Exercise directions: Sort through the listing below and keep each line with the word "center". Copy those.

Material shown:
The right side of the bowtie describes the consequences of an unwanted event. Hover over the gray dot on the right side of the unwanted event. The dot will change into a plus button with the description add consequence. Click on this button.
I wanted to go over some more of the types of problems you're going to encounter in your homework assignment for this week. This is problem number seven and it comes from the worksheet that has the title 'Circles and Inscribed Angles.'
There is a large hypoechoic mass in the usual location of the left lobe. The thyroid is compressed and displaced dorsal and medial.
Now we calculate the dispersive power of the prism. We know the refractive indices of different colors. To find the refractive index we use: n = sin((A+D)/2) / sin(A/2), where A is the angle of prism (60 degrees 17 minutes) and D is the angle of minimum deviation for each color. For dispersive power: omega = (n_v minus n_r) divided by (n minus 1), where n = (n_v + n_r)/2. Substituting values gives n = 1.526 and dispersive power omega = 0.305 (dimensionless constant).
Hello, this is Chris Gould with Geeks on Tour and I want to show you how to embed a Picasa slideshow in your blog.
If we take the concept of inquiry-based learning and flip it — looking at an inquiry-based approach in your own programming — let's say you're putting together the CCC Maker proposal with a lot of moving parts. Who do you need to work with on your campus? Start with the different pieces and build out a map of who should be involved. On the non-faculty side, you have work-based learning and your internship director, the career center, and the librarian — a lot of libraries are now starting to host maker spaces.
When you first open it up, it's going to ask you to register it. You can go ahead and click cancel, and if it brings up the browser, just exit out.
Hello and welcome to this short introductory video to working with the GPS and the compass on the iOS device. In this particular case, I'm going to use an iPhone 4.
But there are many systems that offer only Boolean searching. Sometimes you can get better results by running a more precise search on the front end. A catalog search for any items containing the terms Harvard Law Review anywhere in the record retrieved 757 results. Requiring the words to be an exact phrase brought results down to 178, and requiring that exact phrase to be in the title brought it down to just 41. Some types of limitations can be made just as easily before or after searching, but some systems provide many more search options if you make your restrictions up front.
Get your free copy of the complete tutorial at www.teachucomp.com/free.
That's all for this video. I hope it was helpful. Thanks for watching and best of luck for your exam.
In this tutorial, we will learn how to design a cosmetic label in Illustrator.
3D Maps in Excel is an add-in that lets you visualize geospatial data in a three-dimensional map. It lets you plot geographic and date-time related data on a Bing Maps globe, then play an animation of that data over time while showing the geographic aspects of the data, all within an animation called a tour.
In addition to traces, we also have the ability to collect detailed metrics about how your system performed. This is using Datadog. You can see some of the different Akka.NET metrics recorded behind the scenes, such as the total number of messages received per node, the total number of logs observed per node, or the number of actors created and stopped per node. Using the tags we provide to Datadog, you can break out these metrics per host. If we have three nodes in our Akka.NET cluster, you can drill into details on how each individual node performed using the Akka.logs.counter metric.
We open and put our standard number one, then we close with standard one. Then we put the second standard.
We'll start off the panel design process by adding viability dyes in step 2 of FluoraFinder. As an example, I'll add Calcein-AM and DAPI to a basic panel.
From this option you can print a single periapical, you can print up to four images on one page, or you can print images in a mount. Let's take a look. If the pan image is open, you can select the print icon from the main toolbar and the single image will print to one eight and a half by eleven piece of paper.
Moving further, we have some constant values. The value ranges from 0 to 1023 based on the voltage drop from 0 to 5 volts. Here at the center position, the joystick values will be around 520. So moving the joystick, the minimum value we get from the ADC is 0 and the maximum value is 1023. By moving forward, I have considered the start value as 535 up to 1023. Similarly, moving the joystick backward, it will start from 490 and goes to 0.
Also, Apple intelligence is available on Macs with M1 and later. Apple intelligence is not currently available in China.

Written solution:
If we take the concept of inquiry-based learning and flip it — looking at an inquiry-based approach in your own programming — let's say you're putting together the CCC Maker proposal with a lot of moving parts. Who do you need to work with on your campus? Start with the different pieces and build out a map of who should be involved. On the non-faculty side, you have work-based learning and your internship director, the career center, and the librarian — a lot of libraries are now starting to host maker spaces.
Moving further, we have some constant values. The value ranges from 0 to 1023 based on the voltage drop from 0 to 5 volts. Here at the center position, the joystick values will be around 520. So moving the joystick, the minimum value we get from the ADC is 0 and the maximum value is 1023. By moving forward, I have considered the start value as 535 up to 1023. Similarly, moving the joystick backward, it will start from 490 and goes to 0.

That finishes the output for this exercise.